Salvianolic acid B exerts cerebroprotective effects after traumatic brain injury via Nrf2-dependent antioxidant and anti-inflammatory cascades

Background

Oxidative stress and inflammatory responses play crucial roles in the development of secondary brain injury following traumatic brain injury (TBI). Thus, this study aimed to investigate the potential cerebroprotective effects of salvianolic acid B (SalB) in mitigating oxidative stress and inflammatory responses post-TBI through the activation of Nrf2.

Purpose

This study aims to investigate the potential cerebroprotective effects of SalB in ameliorating oxidative stress and inflammatory responses following TBI by activating Nrf2, thereby laying a foundation for TBI treatment.

Study design

Controlled cortical impact and hydrogen peroxide were employed to replicate TBI in animal and cellular models, respectively.Behavioral studies predict neural function, Western Blot (WB) predicts oxidative stress, immunofluorescence and ELISA predict inflammatory response.The Nrf2 inhibitor ML385 was employed to investigate the involvement of the Nrf2 pathway in mediating the protective effects of SalB.

Methods

SalB was delivered via intraperitoneal injection 1 h after TBI induction, with its neuroprotective efficacy evaluated across a range of concentrations.
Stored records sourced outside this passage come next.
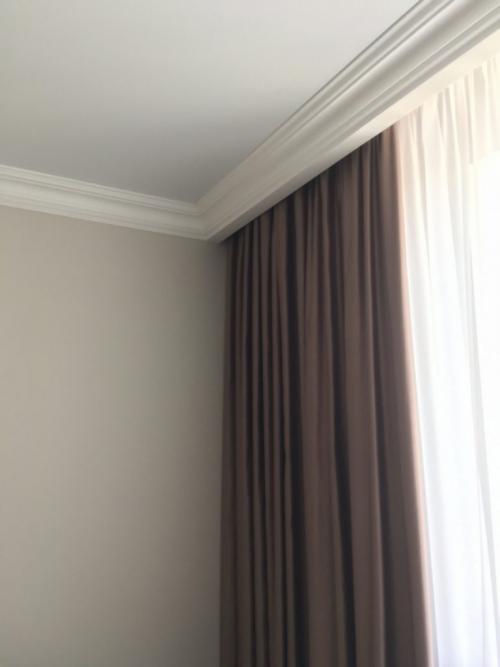 Щель между карнизом и потолком. Чем красиво заделать щель между подвесным потолком и карнизом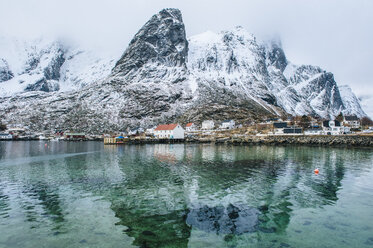 Gebäude und schneebedeckte Berge, Reine, Lofoten, Norwegen - ISF09679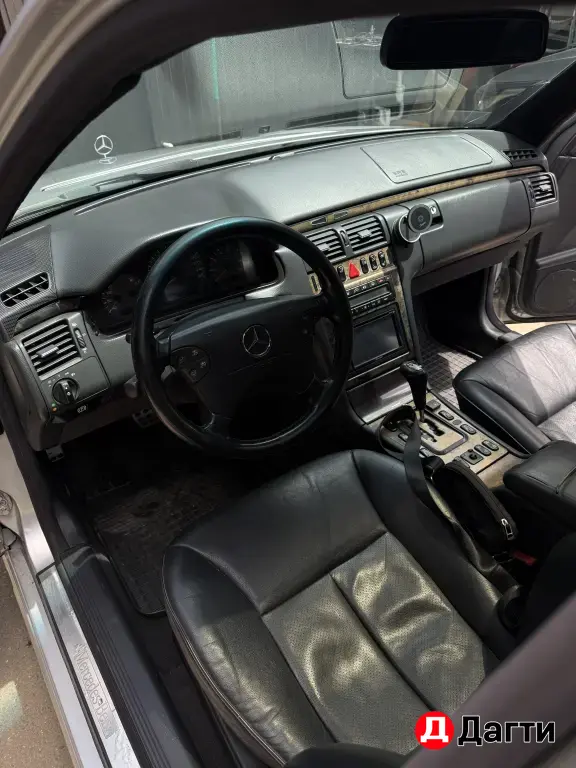Mercedes-Benz E-Класс, 2001 года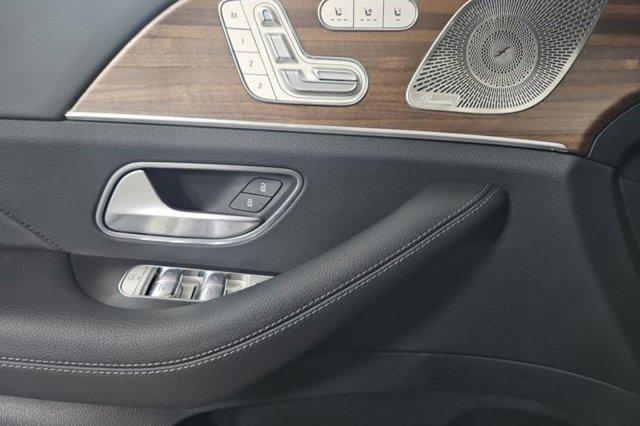 new 2025 Mercedes-Benz GLE 350 car, priced at $68,725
In the cellular assay, SalB was used to incubate cells simultaneously with H₂O₂. WB analysis was employed to quantify protein levels, while malondialdehyde, glutathione, superoxide intensity, and reactive oxygen radical probes were utilized to evaluate oxidative stress. Immunofluorescence and ELISA techniques were used to characterize microglia phenotype and inflammatory response. Behavioral assays were also conducted to evaluate neurological function. The Nrf2 inhibitor ML385 was employed to investigate the involvement of the Nrf2 pathway in mediating the protective effects of SalB.

Results

Animal and cellular experiments indicate that SalB can mitigate oxidative stress through the Nrf2/Peroxiredoxin 2 pathway, and reduce inflammatory response via the Nrf2/Toll-like receptor 4/Myeloid differentiation primary response protein 88 pathway in a dose-dependent manner. Consequently, SalB demonstrates efficacy in enhancing neurological function following TBI. Conversely, the inhibitory effects of ML385 counteract the antioxidant and anti-inflammatory properties of SalB.

Conclusions

SalB exerts its beneficial effects post-TBI through Nrf2-dependent antioxidants and as anti-inflammatory responses.